Pan: Money funds tend to run a barbell because of WAM restrictions. They have to maintain liquidity on the front end and often seek yield on the back end. We tend to use more of a ladder in our portfolios because we seek to provide liquidity to clients when their liabilities come due.

MFI: Have fee waivers impacting you? Campbell: Because many of our portfolios are longer than money funds, I don't believe that we've been as impacted by fee waivers as money funds have been. But we have felt the impact.

MFI: Can you tell us about your SEC comment letter? Pan: [The SEC] is trying to address the liability side of the business in order to prevent runs. That's where we came in and said, 'What if you have a dual NAV approach,' meaning that the NAV for the underlying securities is fully transparent, an unrounded NAV ... to the fourth decimal place. On a daily basis, investors would be able to see the true NAV, [but] for transaction purposes [the NAV would be rounded to 2 decimal places]. We've done tests and believe the NAV is very unlikely to break the buck when rounded to 2 decimal places. At the same time, we think that the unrounded NAV would provide more transparency to the market and reduce the propensity for runs, as investors would be prepared if funds move closer to 99.5 or 100.5.... We believe that our proposal would maintain the current utility of money market funds, while addressing the SEC's concern about runs.

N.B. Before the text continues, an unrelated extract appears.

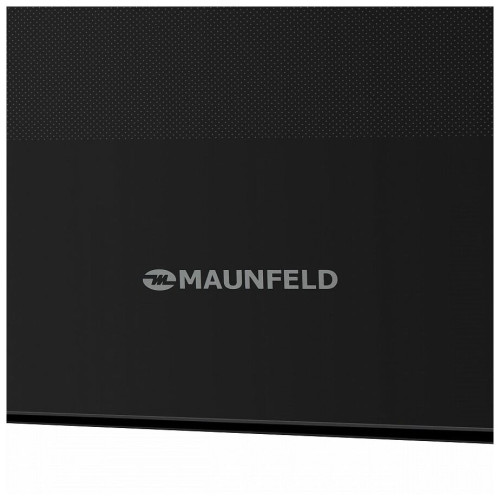 Электрический духовой шкаф MAUNFELD EOEF.766B2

MFI: Do you have standard portfolios for your SMAs? Campbell: All SMA's are customized, but we do have some general categories. For example, we have a "core plus" product that seeks additional return potential in exchange for potentially increased exposure to headline risk SMA's are customized according to liquidity needs and investment objectives of each client, and we vary our asset class, credit and duration selection accordingly. We also manage offshore money as many of our clients have overseas operations that conduct business in euros, pounds, etc.

MFI: What is your outlook for 2014? Campbell: I think it's a transition year for the industry.... We will have regulatory reform, which will be handed down in one form or another in 2014. We think there has certainly been improvement in the fundamental economic backdrop [and] think we are closer to the point where there is going to be a shift in Fed policy. I think that's going to translate into a steepening of the yield curve and some potential yield opportunities after enduring 4-5 years of ultra-low rates. We view 2014 as a year in which investors will have to begin to reevaluate their investment product selections.

MFI: Can you comment on the overall levels of corporate cash? Campbell: I think that one of the issues relating to levels of corporate cash is where the corporate cash resides. There is far too much cash captive overseas. As long as there are differences in the tax codes between domestic and overseas cash, there is no incentive to put that money back to work domestically. I think it would be healthy for both the economy and the industry to have some of that cash repatriated. Pan: I think that there's another aspect besides trapped cash. With shifting financial regulations, bank credit quality [issues] and counterparty risks, I believe that more and more large corporations are of the opinion that they should self-fund, rather than rely on the markets and banks for cash.